For any individual study you can validly say that you think the estimate is too low, or indeed, too high, and give reasons for that. For instance, you might say that your sample was mainly young people who tend to be healthier than the general public, or maybe that the diagnostic tools are known to miss some true cases.

But when we look at reporting as a whole, it almost always says the condition is likely to be much more common than the estimate.

For example, have a look at the results of this Google search:

“the true number may be higher” 20,300 hits

“the true number may be lower” 3 hits

You can try variations on the phrasing and see the same sort of pattern emerges. I’m curious as to why this bias occurs, or whether there’s another explanation for it.

## 7 Comments

> “the true number may be higher” 20,300 hits

Yes, but the true number may be higher.

It’s simply because if it’s a bigger number, it’s a bigger story.

This may just be my cynicism showing but I think it’s because generally the people responsible for estimating the prevalence of a given disease are the same people with an interest in making that prevalence seem high.

Say you’re an academic who researches GID (or anything else). If you can say “GID affects maybe 1 in 100 people” that looks a lot better when you’re asking for grant money than if you say “GID affects 1 in 100,000 people”.

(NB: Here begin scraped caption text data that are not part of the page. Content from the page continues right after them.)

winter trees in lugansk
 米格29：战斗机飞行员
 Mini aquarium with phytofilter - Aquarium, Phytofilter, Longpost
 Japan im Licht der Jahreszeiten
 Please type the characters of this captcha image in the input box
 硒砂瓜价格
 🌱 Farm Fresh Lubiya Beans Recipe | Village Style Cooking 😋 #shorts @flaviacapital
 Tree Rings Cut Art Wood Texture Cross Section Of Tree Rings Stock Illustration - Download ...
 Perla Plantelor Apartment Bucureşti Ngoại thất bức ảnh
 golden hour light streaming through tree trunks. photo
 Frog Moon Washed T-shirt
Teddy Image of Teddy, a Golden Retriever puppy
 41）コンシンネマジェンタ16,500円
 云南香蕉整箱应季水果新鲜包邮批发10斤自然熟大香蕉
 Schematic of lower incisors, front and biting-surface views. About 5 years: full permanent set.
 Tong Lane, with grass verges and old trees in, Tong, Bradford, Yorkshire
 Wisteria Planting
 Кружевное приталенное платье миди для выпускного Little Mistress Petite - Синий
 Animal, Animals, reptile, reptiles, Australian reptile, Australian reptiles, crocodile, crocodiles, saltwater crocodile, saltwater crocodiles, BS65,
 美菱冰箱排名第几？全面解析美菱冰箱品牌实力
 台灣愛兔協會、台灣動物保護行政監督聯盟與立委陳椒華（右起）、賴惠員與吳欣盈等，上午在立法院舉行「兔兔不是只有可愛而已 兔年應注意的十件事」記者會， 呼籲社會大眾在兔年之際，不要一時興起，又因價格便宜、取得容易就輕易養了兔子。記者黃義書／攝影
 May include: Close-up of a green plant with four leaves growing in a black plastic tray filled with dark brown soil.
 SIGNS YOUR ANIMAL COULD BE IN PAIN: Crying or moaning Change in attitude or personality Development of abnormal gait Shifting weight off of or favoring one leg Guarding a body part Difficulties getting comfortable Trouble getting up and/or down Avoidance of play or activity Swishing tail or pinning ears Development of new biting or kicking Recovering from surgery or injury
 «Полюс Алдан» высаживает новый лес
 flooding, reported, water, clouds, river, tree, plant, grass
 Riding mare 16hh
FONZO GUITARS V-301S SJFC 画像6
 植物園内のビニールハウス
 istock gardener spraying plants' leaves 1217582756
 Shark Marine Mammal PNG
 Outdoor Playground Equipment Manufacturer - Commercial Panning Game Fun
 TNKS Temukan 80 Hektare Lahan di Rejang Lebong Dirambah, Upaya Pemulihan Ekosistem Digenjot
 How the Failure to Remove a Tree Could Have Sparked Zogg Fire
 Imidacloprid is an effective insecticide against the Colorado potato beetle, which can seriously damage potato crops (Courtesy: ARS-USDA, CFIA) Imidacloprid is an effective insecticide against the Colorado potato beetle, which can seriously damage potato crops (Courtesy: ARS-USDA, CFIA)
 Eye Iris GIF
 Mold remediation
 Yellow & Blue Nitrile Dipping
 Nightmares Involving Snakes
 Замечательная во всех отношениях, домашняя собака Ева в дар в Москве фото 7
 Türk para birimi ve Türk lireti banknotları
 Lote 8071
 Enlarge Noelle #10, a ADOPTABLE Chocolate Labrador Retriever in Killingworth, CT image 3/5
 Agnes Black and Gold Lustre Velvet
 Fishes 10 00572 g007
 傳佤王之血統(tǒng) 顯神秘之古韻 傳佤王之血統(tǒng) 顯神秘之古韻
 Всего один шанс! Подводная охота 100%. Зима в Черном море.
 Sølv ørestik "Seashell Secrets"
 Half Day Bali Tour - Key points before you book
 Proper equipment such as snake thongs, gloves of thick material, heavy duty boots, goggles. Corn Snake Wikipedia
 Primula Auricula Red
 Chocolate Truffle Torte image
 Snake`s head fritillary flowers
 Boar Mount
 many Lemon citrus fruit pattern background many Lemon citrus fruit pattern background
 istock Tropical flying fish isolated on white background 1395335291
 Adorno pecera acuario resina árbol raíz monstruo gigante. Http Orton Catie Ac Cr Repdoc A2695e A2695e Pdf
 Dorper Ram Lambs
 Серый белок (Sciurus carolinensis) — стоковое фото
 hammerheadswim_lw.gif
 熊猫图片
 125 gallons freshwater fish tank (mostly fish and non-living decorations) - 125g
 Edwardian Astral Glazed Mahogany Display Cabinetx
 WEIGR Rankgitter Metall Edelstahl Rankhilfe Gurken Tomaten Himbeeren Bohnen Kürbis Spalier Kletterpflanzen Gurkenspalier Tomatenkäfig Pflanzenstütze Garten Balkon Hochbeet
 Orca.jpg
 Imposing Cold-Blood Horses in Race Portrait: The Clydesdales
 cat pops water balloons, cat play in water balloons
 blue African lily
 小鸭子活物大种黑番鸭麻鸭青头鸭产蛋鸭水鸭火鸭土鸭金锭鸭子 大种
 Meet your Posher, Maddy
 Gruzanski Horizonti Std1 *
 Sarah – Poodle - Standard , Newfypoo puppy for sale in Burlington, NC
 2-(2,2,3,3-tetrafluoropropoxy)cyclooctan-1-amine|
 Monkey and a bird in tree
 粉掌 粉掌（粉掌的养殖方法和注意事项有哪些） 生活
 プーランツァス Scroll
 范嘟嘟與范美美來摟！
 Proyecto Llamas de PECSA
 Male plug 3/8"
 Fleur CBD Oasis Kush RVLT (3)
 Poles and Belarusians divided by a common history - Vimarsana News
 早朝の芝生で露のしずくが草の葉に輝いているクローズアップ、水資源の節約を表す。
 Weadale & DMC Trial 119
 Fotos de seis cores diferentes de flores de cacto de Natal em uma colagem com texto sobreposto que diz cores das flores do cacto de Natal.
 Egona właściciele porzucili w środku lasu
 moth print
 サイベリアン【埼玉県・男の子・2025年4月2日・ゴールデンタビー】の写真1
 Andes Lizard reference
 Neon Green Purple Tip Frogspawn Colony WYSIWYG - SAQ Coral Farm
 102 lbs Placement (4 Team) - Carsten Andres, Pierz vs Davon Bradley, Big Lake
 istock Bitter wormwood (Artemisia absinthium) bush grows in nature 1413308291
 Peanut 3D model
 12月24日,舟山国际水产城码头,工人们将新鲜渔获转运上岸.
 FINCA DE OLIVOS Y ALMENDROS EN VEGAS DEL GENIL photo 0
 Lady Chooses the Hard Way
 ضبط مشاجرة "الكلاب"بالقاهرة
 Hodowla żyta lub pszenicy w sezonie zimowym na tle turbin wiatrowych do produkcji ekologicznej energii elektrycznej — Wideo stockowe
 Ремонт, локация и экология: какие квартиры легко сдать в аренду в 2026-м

Or say you’re an activist for the interests of people with GID, you will naturally want to make it seem as common as possible because this is, unfortunately, equated with “normality” in most people’s minds.

Yet Google also says:

Results 1 – 10 of about 284 for “the true number may be higher” -“the true number may be higher or lower”. (0.19 seconds)

Ah, search engines. And english.

To me it seems like that same bias for hypothesis-proved rather than hypothesis-disproved results. The latter ones are more often filed away and neglected and the former ones have a better chance of being sent and accepted for publication.

It’s actually good statistical reasoning to assume that rare events are underestimated in their frequency. A Bayesian statistical analysis can demonstrate this. In short, if you have N observations of a Poisson distributed (rare) random variable, then the maximum likelihood estimate of the mean of the underlying process (lambda) is N.

However, one could take a proper Bayesian approach and ask, what is the probability that the true mean, lambda, is greater than this estimate? It turns out that the smaller N is the more likely it is that the true rate is greater.

To see this, place the conjugate Gamma prior on lambda so that the posterior distribution on lambda is also Gamma distributed to obtain,

p(lambda|n)

Now we can ask, what is the probability that lambda is actually greater than the mean of this distribution or even greater than the maximum aposteriori estimate of lambda? It turns out the answer is more or less independent of the parameters of the prior in this case. And its quite high. See figure here:

This result also holds for binomial distributions with uniform prior. x=lambda in the figure. For the Poisson case, the observed rate has been normalized by 1000 to fit on the same plot.

here’s a hasty blog post explaining why this ‘bias’ is rational from a Bayesian statistical perspective:

http://justaddnoise.blogspot.com/2009/10/here-is-probability-that-true.html

but the short answer is just that the median estimate is greater than the mean and maximum a posterori estimates of small quantities and so it’s actually likely that small quantities are underestimated.